# Dataset section

——————————

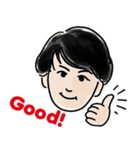 みんなのなつき（個別スタンプ：5）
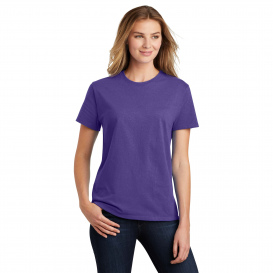 Port & Company LPC61 Ladies Essential T-Shirt - Purple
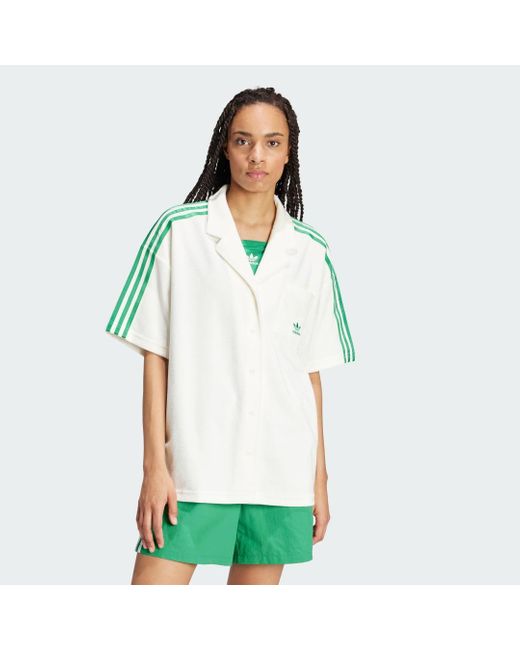 Adidas Green Originals Resort Shirt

——————————

# Goal of the exercise
Repeat every line of the data exactly, but do not include pictures.

# Task response
 みんなのなつき（個別スタンプ：5）
 Port & Company LPC61 Ladies Essential T-Shirt - Purple
 Adidas Green Originals Resort Shirt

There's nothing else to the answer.